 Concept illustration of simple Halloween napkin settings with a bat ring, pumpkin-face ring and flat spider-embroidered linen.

+ + + + + + +

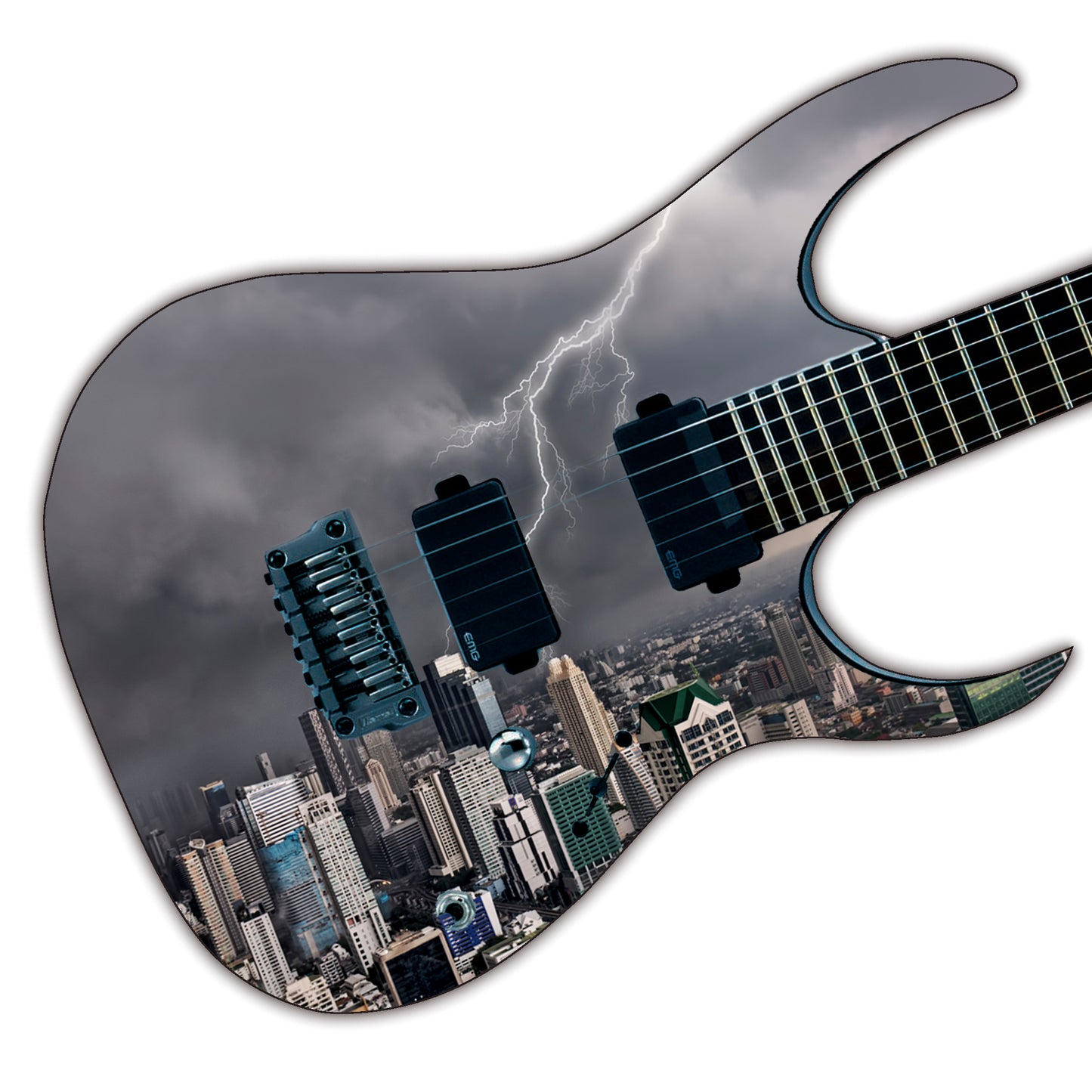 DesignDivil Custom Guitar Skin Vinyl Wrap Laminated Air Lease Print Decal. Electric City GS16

+ + + + + + +

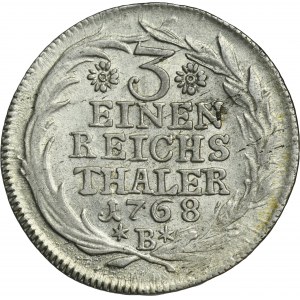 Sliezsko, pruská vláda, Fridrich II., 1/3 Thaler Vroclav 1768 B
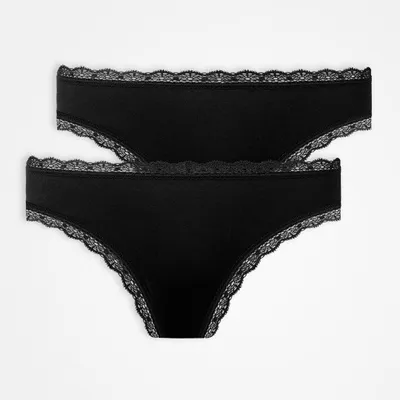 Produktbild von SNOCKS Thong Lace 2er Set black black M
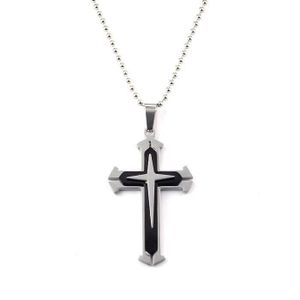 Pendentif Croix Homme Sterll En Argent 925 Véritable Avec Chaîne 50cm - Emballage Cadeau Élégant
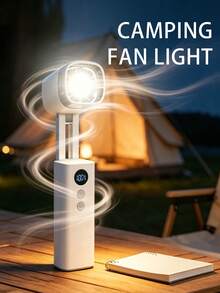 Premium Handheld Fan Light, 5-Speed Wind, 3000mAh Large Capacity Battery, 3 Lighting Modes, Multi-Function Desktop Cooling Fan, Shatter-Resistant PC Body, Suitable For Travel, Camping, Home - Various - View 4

+ + + + + + +

Could you output exactly the lines above, from the line with "Produktbild von SNOCKS" up to and including the line with "Premium Handheld Fan", and nothing else, skipping the pictures?

 Produktbild von SNOCKS Thong Lace 2er Set black black M
 Pendentif Croix Homme Sterll En Argent 925 Véritable Avec Chaîne 50cm - Emballage Cadeau Élégant
 Premium Handheld Fan Light, 5-Speed Wind, 3000mAh Large Capacity Battery, 3 Lighting Modes, Multi-Function Desktop Cooling Fan, Shatter-Resistant PC Body, Suitable For Travel, Camping, Home - Various - View 4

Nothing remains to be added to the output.